Sedikit menganga mendengar ucapan laki-laki itu, dia ingin sekali marah tapi kemudian ingat statusnya sekarang ini. 'Baru sadar aku, jika sekarang aku sudah menjadi janda, sehingga ada lelaki yang berani genit seperti ini.' ucapnya di dalam hati.

"Kamu mau beli lem apa mau mendekati pemilik tokonya?"

Raka mendekati Bunga dan menatap tajam laki-laki tersebut.

Wajahnya masam, marah dan benci sungguh jelas sekali.

"Mas Raka." cegah Bunga ketika Raka lebih mendekat, gugup dan juga takut dia marah dan keduanya berkelahi.

"Berani macam-macam, aku bisa menghabisi mu." kesalnya lagi.

Namun laki-laki itu malah tersenyum, dia terlihat tenang dan menantang.

"Kau sudah beristri, tidak baik ikut campur urusan duda dan janda." ucapnya dengan mata tak kalah tajam, menyiratkan permusuhan.

"Kau hanya tidak tahu siapa aku." ucap Raka geram sekali, tersenyum sinis dan kepada duda tampan tersebut.

"Aku tahu siapa kamu, dan aku juga sudah mendengar dari warga kalau kau adalah laki-laki yang punya ilmu bela diri yang hebat.
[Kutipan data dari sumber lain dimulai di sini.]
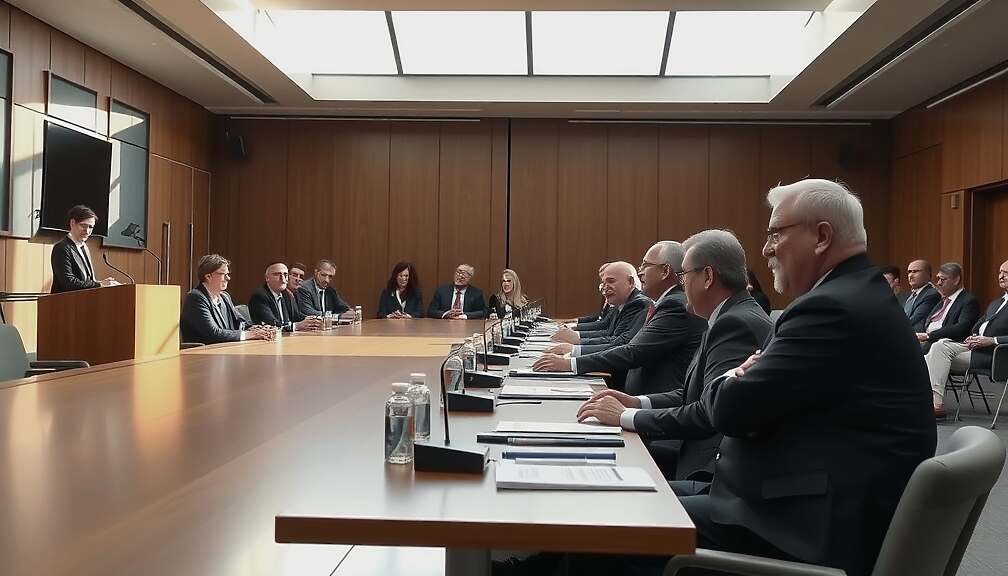 German Health Minister Demands Higher Federal and State Investment in Nursing Home Costs to Reduce Patient Burden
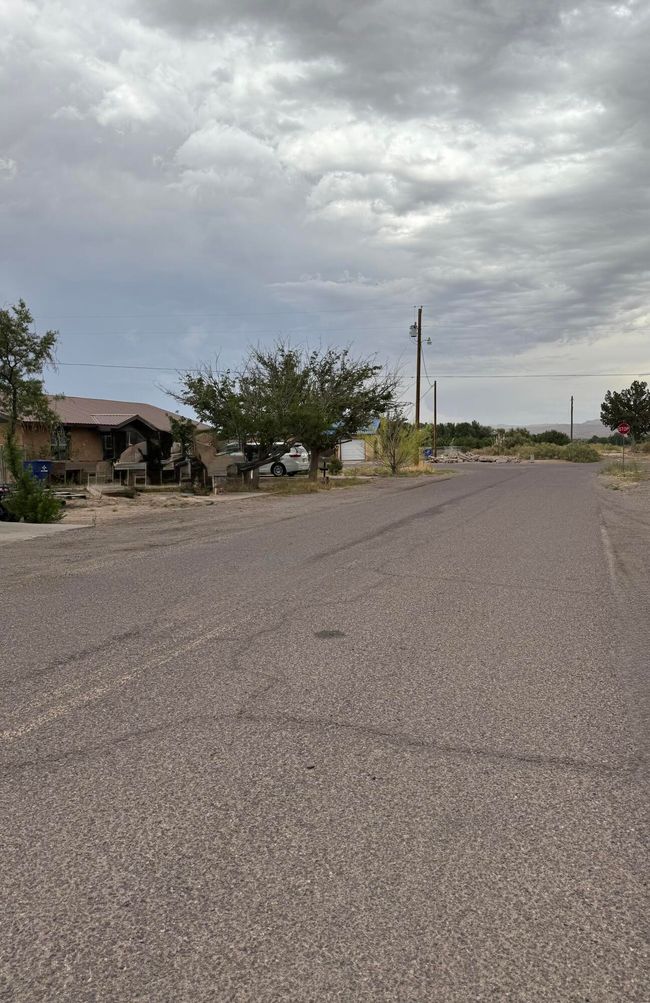 1203 Drake St, House other with 4 bedrooms, 2 bathrooms and null parking in Socorro NM | Image 4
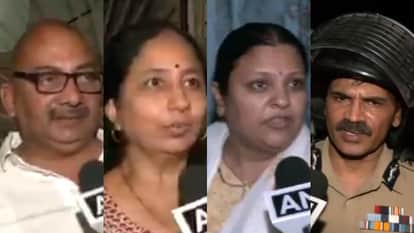 नागपुर हिंसा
Tapi sayangnya kau sudah punya istri, sehingga tidak mungkin mendekati Dek Bunga. Jadi jangan ikut campur." ucapnya sopan tapi menyinggung.
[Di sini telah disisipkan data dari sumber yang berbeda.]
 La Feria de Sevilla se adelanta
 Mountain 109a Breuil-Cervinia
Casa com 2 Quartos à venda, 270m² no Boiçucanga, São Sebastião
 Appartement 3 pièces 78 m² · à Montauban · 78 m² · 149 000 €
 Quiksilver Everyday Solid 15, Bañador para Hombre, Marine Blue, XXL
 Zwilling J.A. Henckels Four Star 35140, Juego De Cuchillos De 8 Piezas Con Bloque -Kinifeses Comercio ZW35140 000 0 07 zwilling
Ingin sekali Raka menendang pemuda itu, belum lagi penampilannya yang sok tampan menyaingi Raka. Panas rasanya dada Raka, namun demi menjaga image di depan Bunga, dia akan berusaha sekuat hati untuk bersabar.

"Zak, kamu ambilkan lem untuk talang air, Mas ini butuh satu." pinta Bunga kepada Rozak yang baru saja mengeluarkan tumpukan karung.

"Oh, Iya Mbak." Rozak mengambilkannya.

Pemuda tersebut terlihat kesal, gagal mengobrol dengan Bunga gara-gara Raka mendekat dan mengganggu.

"Ini Mas, lemnya." Rozak memberikannya kepada laki-laki itu.

"Terimakasih." ucap duda tersebut, kemudian pergi setelah melirik tak suka dengan Raka.

"Mas Raka tidak boleh seperti itu." ucap Bunga pada laki-laki egois yang masih berdiri bersamanya.

"Mengapa tidak boleh? Dia laki-laki dan aku juga laki-laki. Sebagai sesama laki-laki, tentu kami bisa saling membaca niat dan tujuan jika sudah berhubungan dengan wanita. Terutama wanita itu adalah kamu, Mas tahu persis dia menyukaimu." ucap Raka menatap wajah Bunga.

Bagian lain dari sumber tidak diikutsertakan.